PXSAP - Pyxis Tankers Inc. (PXS) Q4 2022 Earnings Call Transcript

2023-03-17 16:05:20 ET

Pyxis Tankers Inc. (PXS)

Q4 2022 Results Conference Call

March 16, 2023 08:30 AM ET

Company Participants

Eddie Valentis - Chairman and CEO

Henry Williams - CFO

Conference Call Participants

Presentation

Operator

Good day, and welcome to the Pyxis Tankers conference call to discuss the financial results for the fourth quarter 2022. As a reminder, today's call is being recorded. Additionally, a live webcast of today's conference call and an accompanying presentation is available on Pyxis Tankers website, which is www.pyxistankers.com. Hosting the call is Mr.
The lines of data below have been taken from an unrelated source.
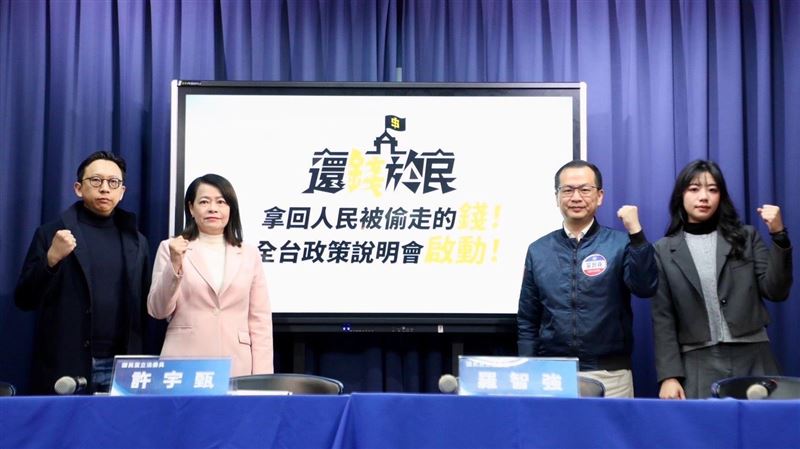 拚綠8場宣講！藍啟動全台百場政策說明會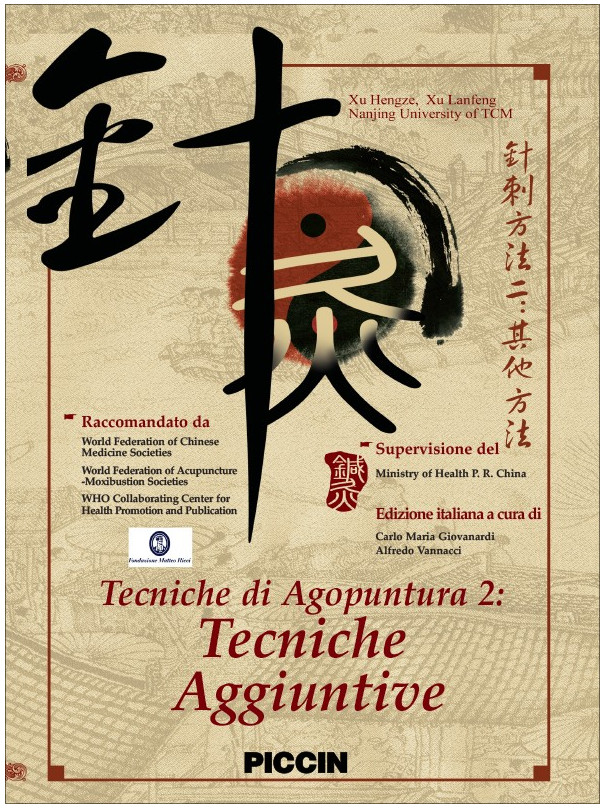 Tecniche di Agopuntura 2: Tecniche Aggiuntive - DVD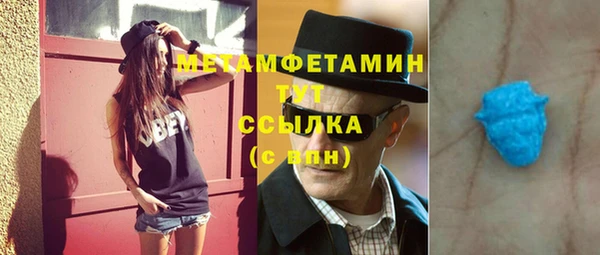 кокаин премиум Вязники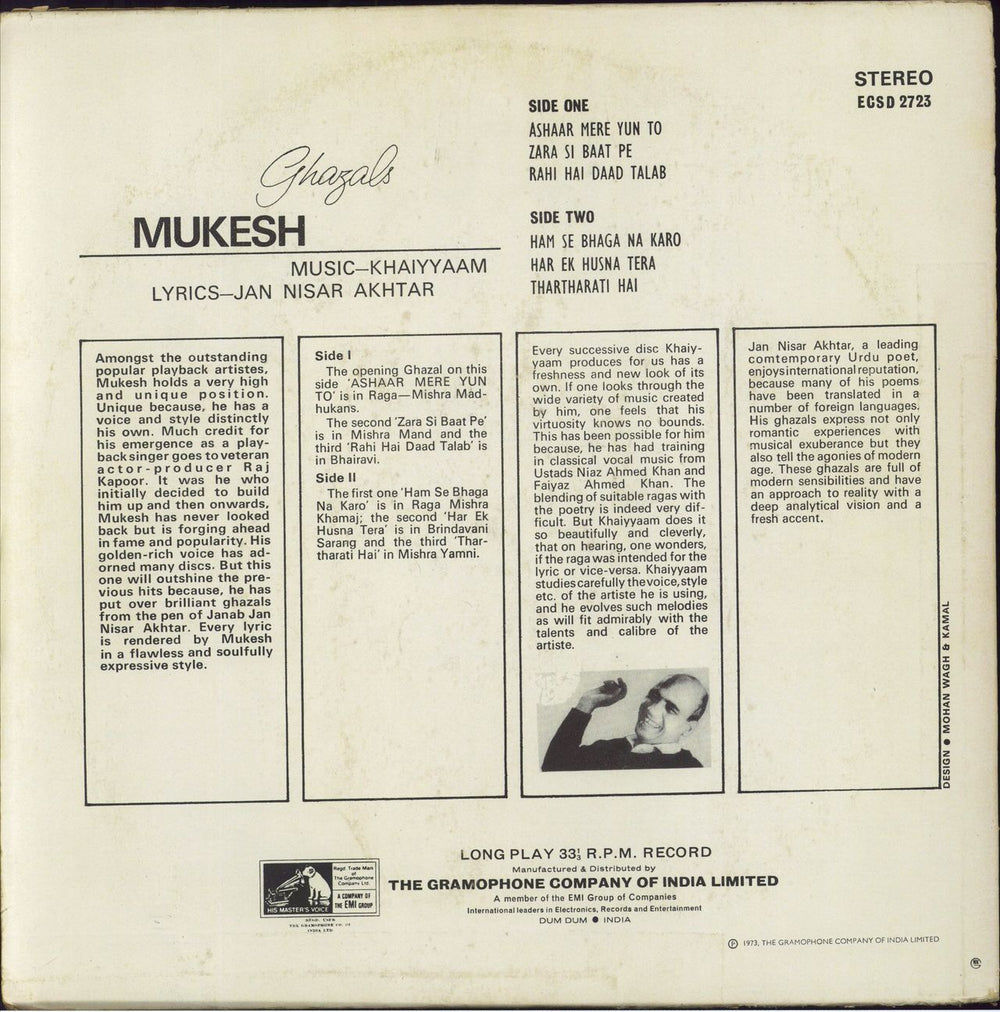 Mukesh Ghazals UK vinyl LP album (LP record)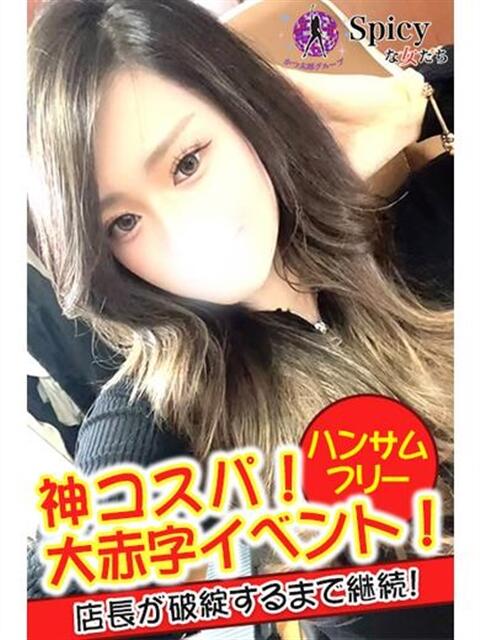 ななせ spicyな女たち（デリヘル）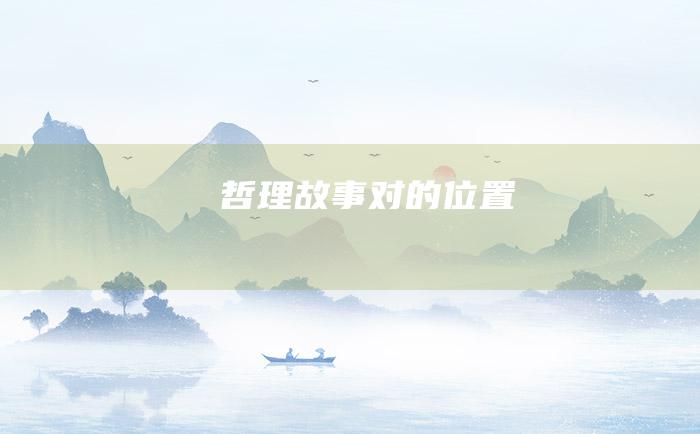 哲理故事 对的位置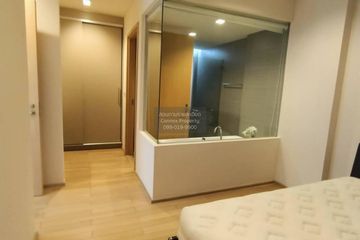 2 Bedroom Condo for rent in Siri at Sukhumvit, Phra Khanong, Bangkok near BTS Thong Lo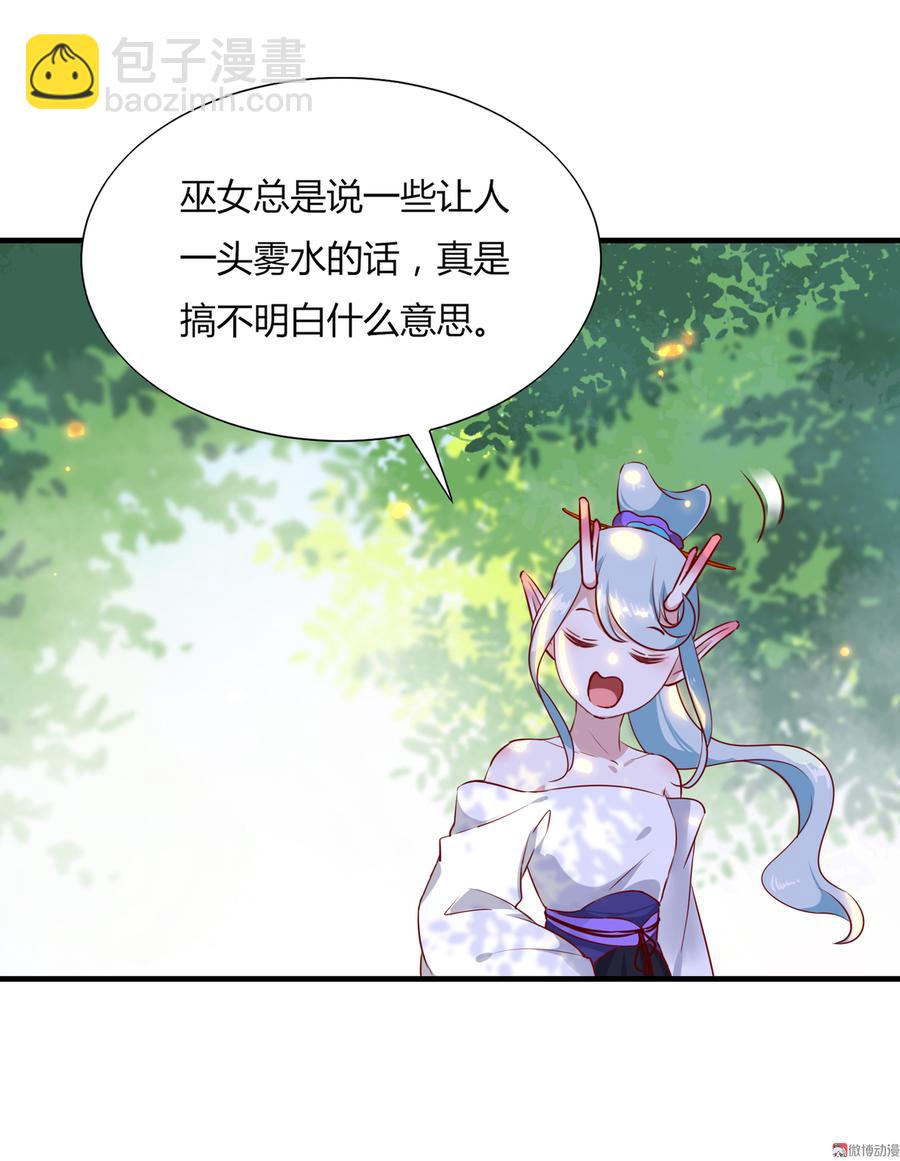 🍵被天敌饲养的日子 第167话 兔子要紧 第8页
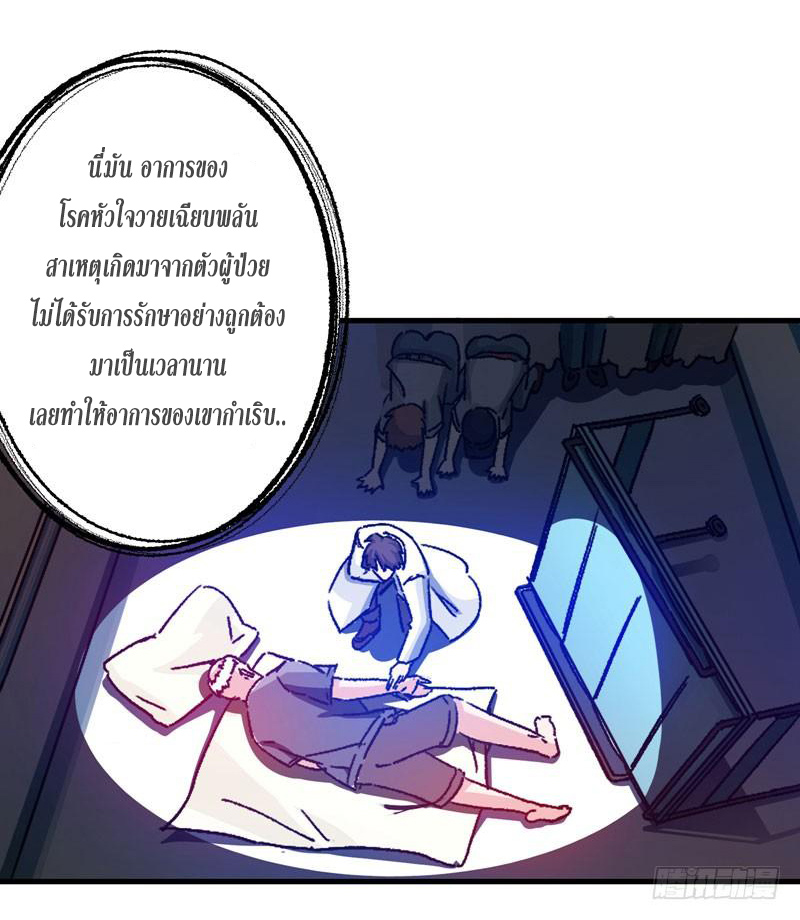 สุดยอดหมอเกรียน แห่งนคร ตอนที่ 8 หน้า 33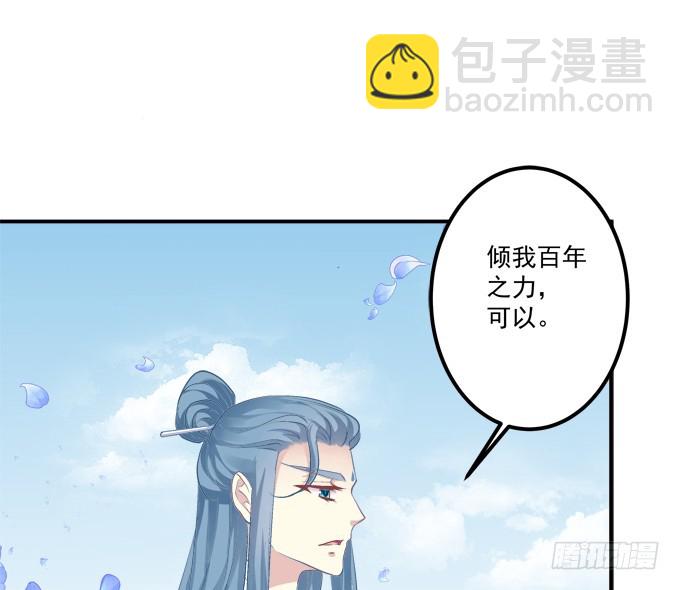 你是幽灵吗？！(1/2)-第326话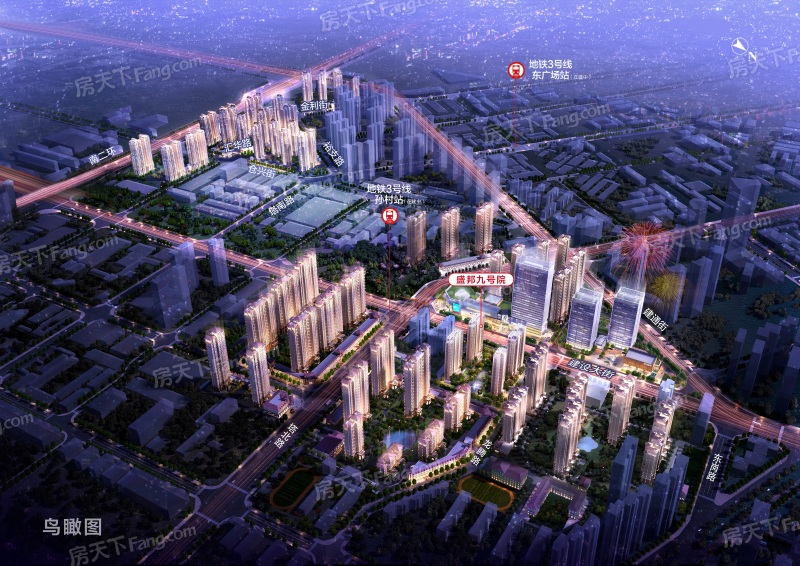 最低11000元/平!荣盛等4新盘出价 9月14日石家庄305在售楼盘最新报价一览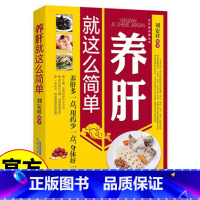 养肝就这么简单 [正版]书籍养肝就这么简单常见病保健肝脏概述肝病诊断防治 肝病患者心理调解 饮食运动调理生活起居常用药物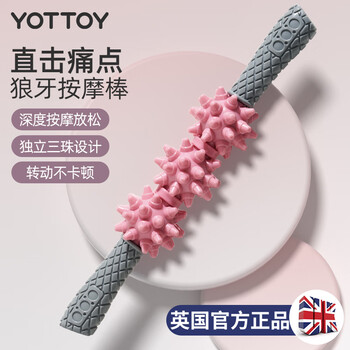 yottoy狼牙棒按摩棒滚轮轴肌肉放松细小腿筋膜深度超痛琅琊全身按摩器 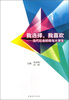 

我选择，我喜欢：当代社会时尚与大学生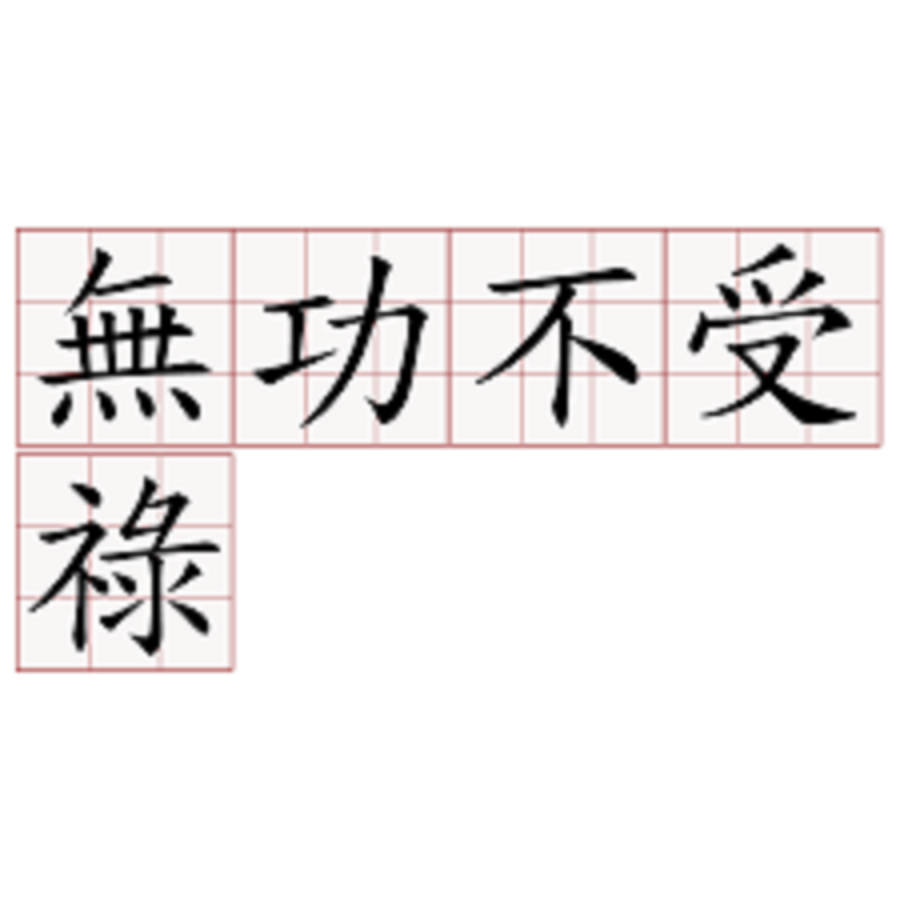 無功不受祿什么意思-圖1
Eddie Valentis, Chairman and Chief Executive Officer of Pyxis Tankers; and Mr. Henry Williams, Chief Financial Officer of the company.

I would like to pass the floor to one of your speakers today, Mr. Eddie Valentis. Please go ahead, sir.

Eddie Valentis

Good morning, everyone, and thank you for joining our call for results of the 3 months and year ended December 31, 2022. The Russian invasion of the Ukraine continues to take center stage, affecting global energy markets and resetting personal, economic and strategic priorities as well as global relationships and trade. Many countries within the OECD are showing resilience as they battle high inflation, cost of living increases and the slowdown in economic activity. In spite of this, the product tanker sector continues to be positively affected with solid chartering activity and high asset values.

At Pyxis, we continue to successfully manage through these unprecedented times and are pleased to report outstanding operating and financial results for the most recent period. Before starting, please let me draw your attention to some important legal notifications on Slide 2, that we recommend you read, including our presentation today, which will include forward-looking statements. Thank you.

Turning to Slide 3. Our most recent quarterly results reflected exceptional financial performances in revenues, operating cost control and profitability in the fourth quarter ended December 31, 2022. We generated consolidated time charter equivalent revenues TCE of $13.8 million, an increase of $10 million over the same period in 2021 and sequential growth of 16% over the previous calendar quarter. Charter rates continued to accelerate during the quarter, especially in the spot market. Our daily TCE for Q4 2022 for our 5 eco-MR2’s was $33,182 sequentially, up 14.2% over the prior quarter, and that's up a factor of 3.8x versus the results in the same period last year.

Moreover, we reported net income of $6.5 million or $0.61 per share basic EPS for the most recent period versus significant losses in 2021. Our adjusted EBITDA in Q4 2022 climbed to $9.7 million. I should point out that last week, we announced the sale of our oldest vessel, the Pyxis Malou, for $24.8 million, a very high price in relation to historical averages. The transaction should close by the end of the month and net us about $18 million in cash after repayment of the vessel's debt and related fees and expenses.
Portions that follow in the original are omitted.